En América Latina, esta reconfiguración tomó una forma radical. Mariana Enriquez, con Las cosas que perdimos en el fuego, narra el terror urbano, la desigualdad, la dictadura, el cuerpo como archivo de violencia. Mónica Ojeda, en Mandíbula, explora el horror adolescente, el deseo queer, la pedagogía la del miedo. Maria Fernanda Ampuero, en Pelea de gallos, convierte lo doméstico en infierno, con mujeres que resisten desde el margen.
El hogar, lejos de ser refugio, es cárcel, laberinto, escenario de lo siniestro. Pero también es el lugar donde se puede narrar lo que la historia calla. El terror, en manos de estas mujeres, se vuelve íntimo y político.
¿Qué pasa cuando el miedo lo narran ellas?
Cuando el terror lo narran mujeres, el género se transforma. Ya no se trata de espectáculos, sangrientos ni de monstruos externos: el miedo se vuelve íntimo, político, encarnado. El cuerpo femenino —históricamente objeto de horror— se convierte en sujeto narrador. Y eso implica una ruptura profunda: con el canon, con la estética, con la forma de entender el miedo.
El miedo narrado por ellas no busca consuelo, sino reparación simbólica. La víctima se vuelve verdugo, el monstruo encarna el trauma, el relato no cierra porque la herida sigue abierta. Es una forma de justicia poética, incómoda pero necesaria.
Narrar el miedo también es compartirlo, convertirlo en memoria colectiva. El terror escrito por mujeres funciona como ritual: no para olvidar, sino para recordar juntas. La literatura se vuelve política, comunitaria, sanadora, En este sentido el género se expande, ya no es solo ficción, es duelo, es resistencia. Estas autoras disputan qué se considera literatura “seria”, qué voces merecen crítica, qué temas son universales. Y al hacerlo, recuperan voces que el canon silenció, cuerpos que la sociedad patologizó, y genealogías que fueron borradas.

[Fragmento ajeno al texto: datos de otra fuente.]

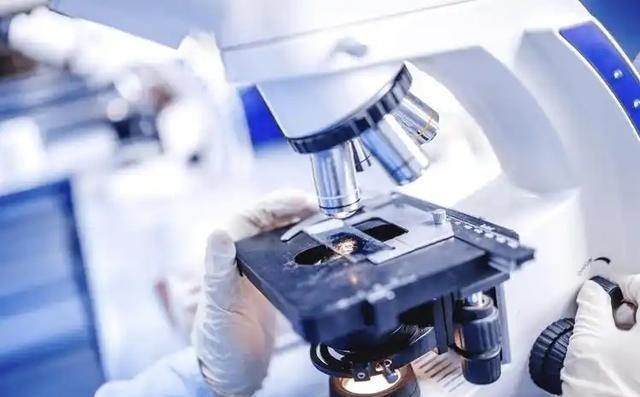 一位 日本 华人表示“高端轴承、精密仪器、 传感器 、机器人减速器、碳纤维、光刻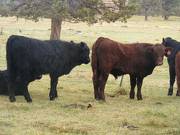 Herdsire 622 (942)  left, 613 right (SOLD) Weaners Bull 2016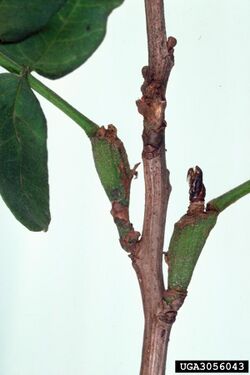 Hystricophora taleana damage.jpg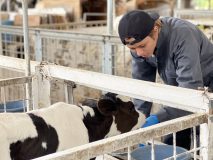 『キンプる。』新企画！ 永瀬廉（King ＆ Prince）が酪農の仕事を初体験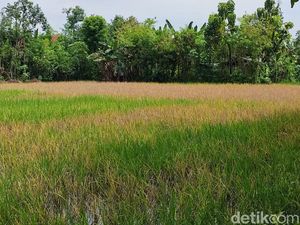 44,39 Hektare Lahan Padi di Ponorogo Terserang Hama Wereng 44,39 Hektare Lahan Padi di Ponorogo Terserang Hama Wereng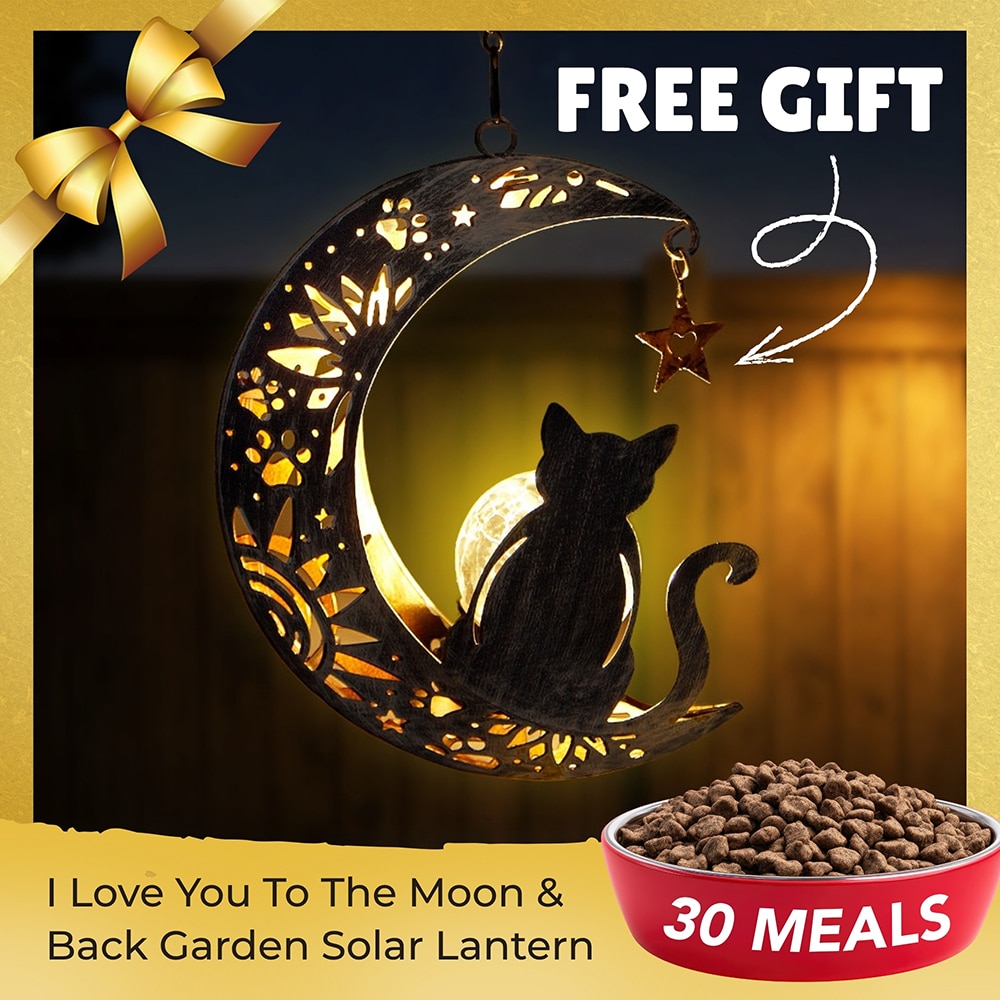 Fund 30 Meals for $30 and Get a FREE I Love You To The Moon & Back- The Ultimate Garden Solar Lantern for Cat Lovers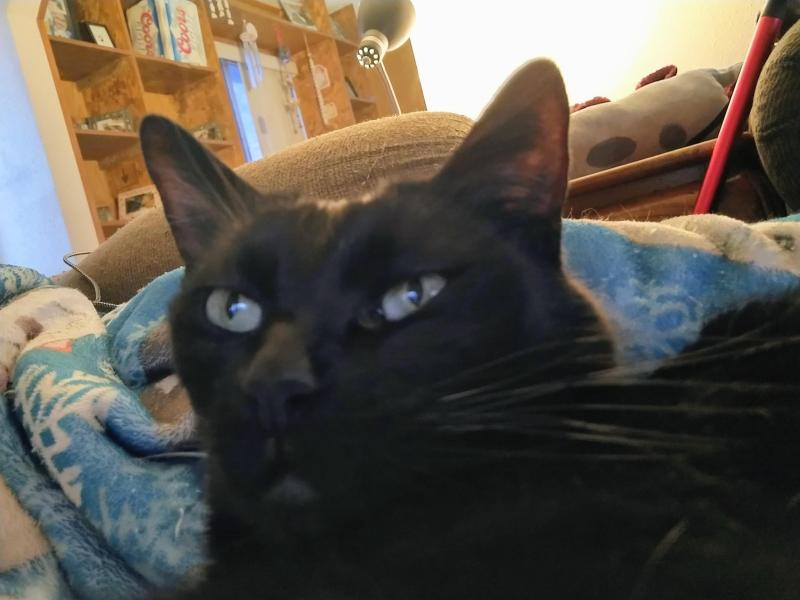 Toshia of the thebugster08 family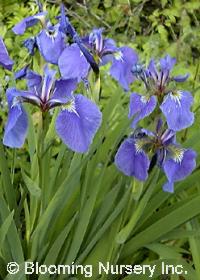 Iris tenax                                        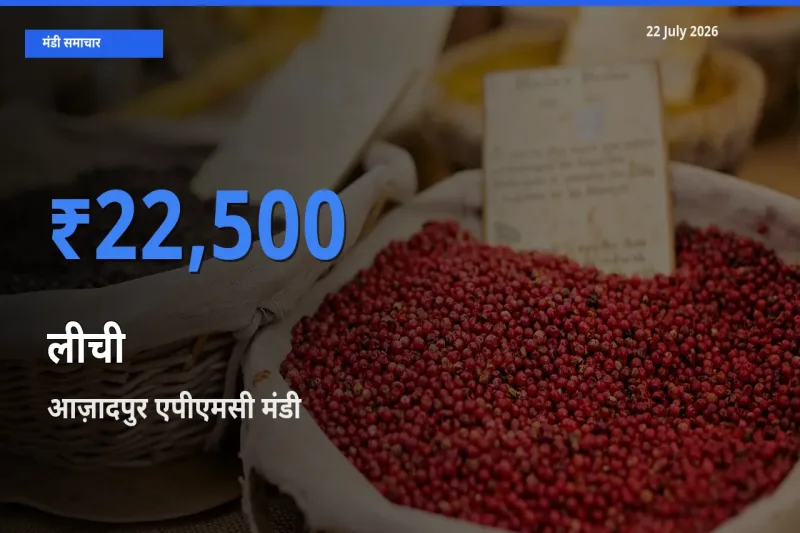 22 July अपडेट: लीची के सबसे ऊँचे दाम आज़ादपुर एपीएमसी मंडी में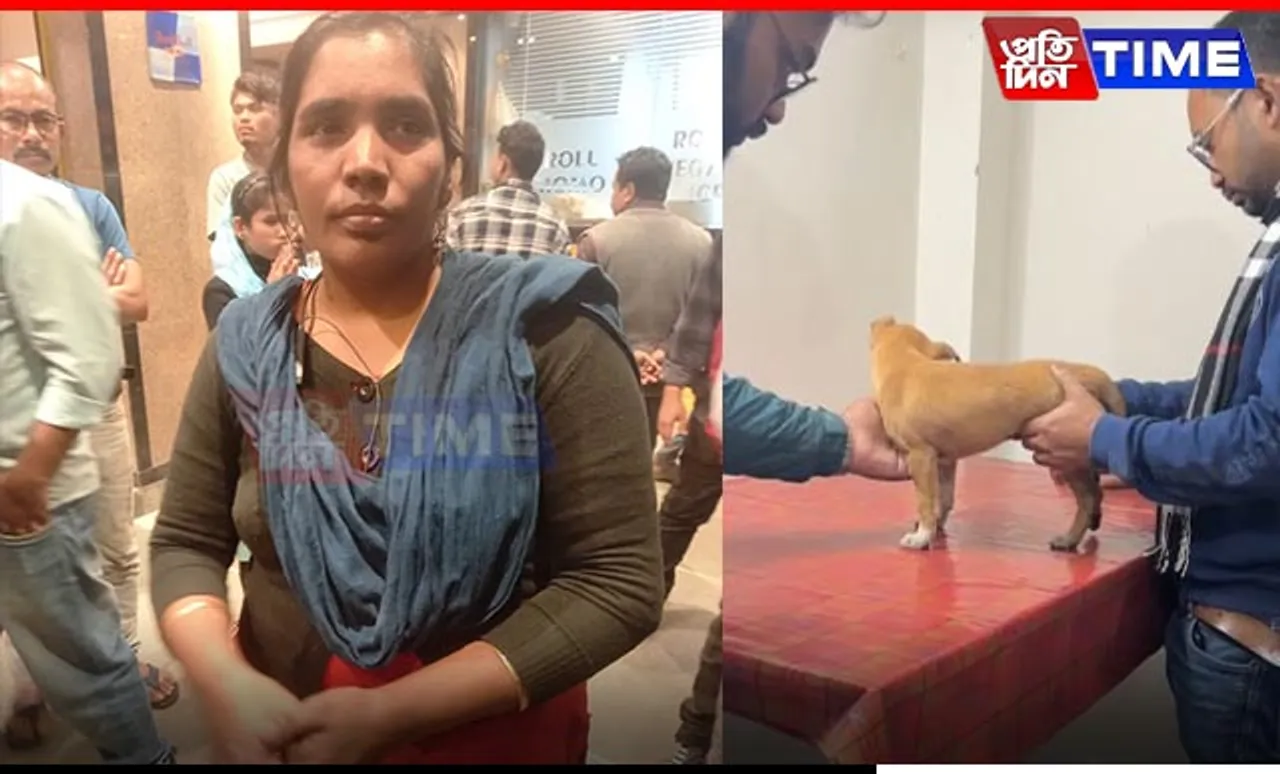 Guwahati: Dispur Dhaba Employee's Cruelty Leaves Puppy Severely Injured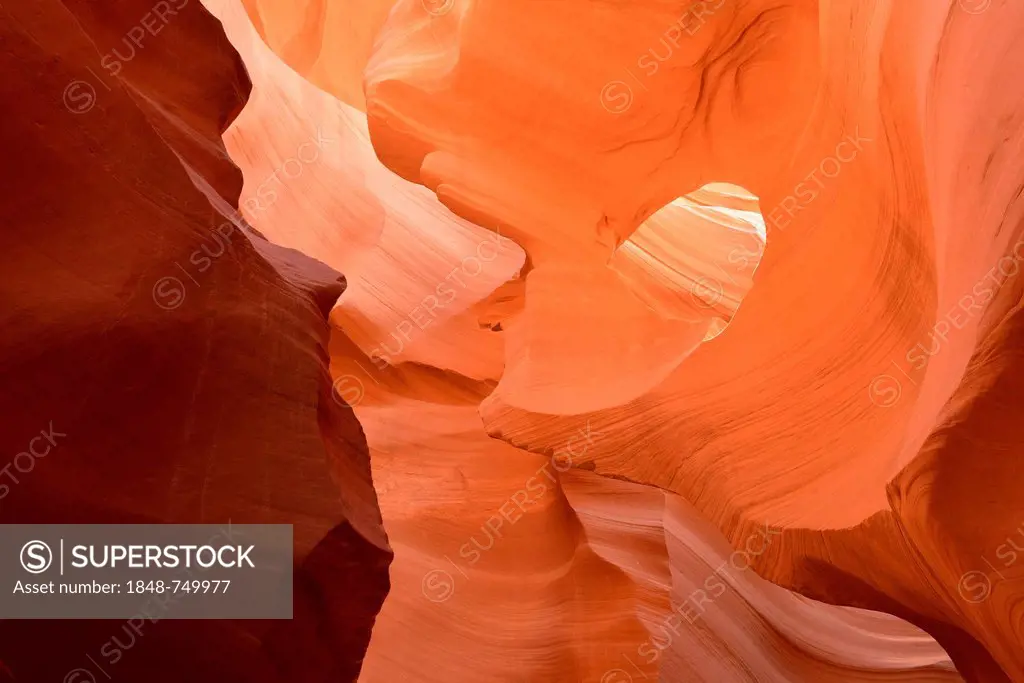 Red sandstone of the Moenkopi Formation, rock formations, colors and patterns, Lower Antelope Slot Canyon, Corkscrew Canyon, Page, Navajo Nation Reser...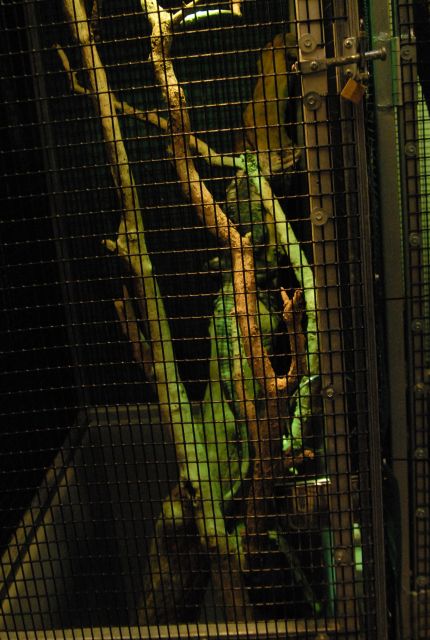 International Herp Symposium 2011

Las niñas que no fueron escuchadas, las mujeres encerradas, las brujas, las madres que devoran, las que no tienen nombre: todas ellas encuentran lugar en estas narrativas. No son solo personajes, son memorias encarnadas, cuerpos que resisten, voces que incomodan. El terror feminista no las domestica, las radicaliza. Las convierte en protagonistas de una historia que no busca cerrar, sino abrir. Abrir la herida, abrir el archivo, abrir la posibilidad de imaginar otras formas de justicia.
En Argentina, esta lectura de terror permite vincular las narrativas literarias con procesos sociales como la fragmentación de derechos. ¿Qué pasa cuando el Estado es el monstruo y el cuerpo es el escenario del horror? ¿Qué sucede cuando la violencia institucional, la falta de acceso a la salud, la criminalización del aborto o las desapariciones forzadas se narran desde el género? El terror se vuelve herramienta de denuncia, de duelo, de reparación simbólica. Leer a estas autoras es abrir la puerta a una literatura que no busca consuelo, sino verdad.
Estas autoras no escriben para asustar: escriben para revelar. El terror se vuelve herramienta de denuncia, de reparación, de justicia narrativa. Lo que no se puede decir en una crónica, se puede sugerir en un cuento de horror. Lo que no se puede mostrar en un informe, se puede encarnar en un personaje monstruoso.
Enriquez, como Shelley, escribe desde el margen. Y en ese margen, construye una literatura que cuida: no porque proteja, sino porque nombra. Porque hace visible lo que el Estado, la familia y la historia prefieren olvidar.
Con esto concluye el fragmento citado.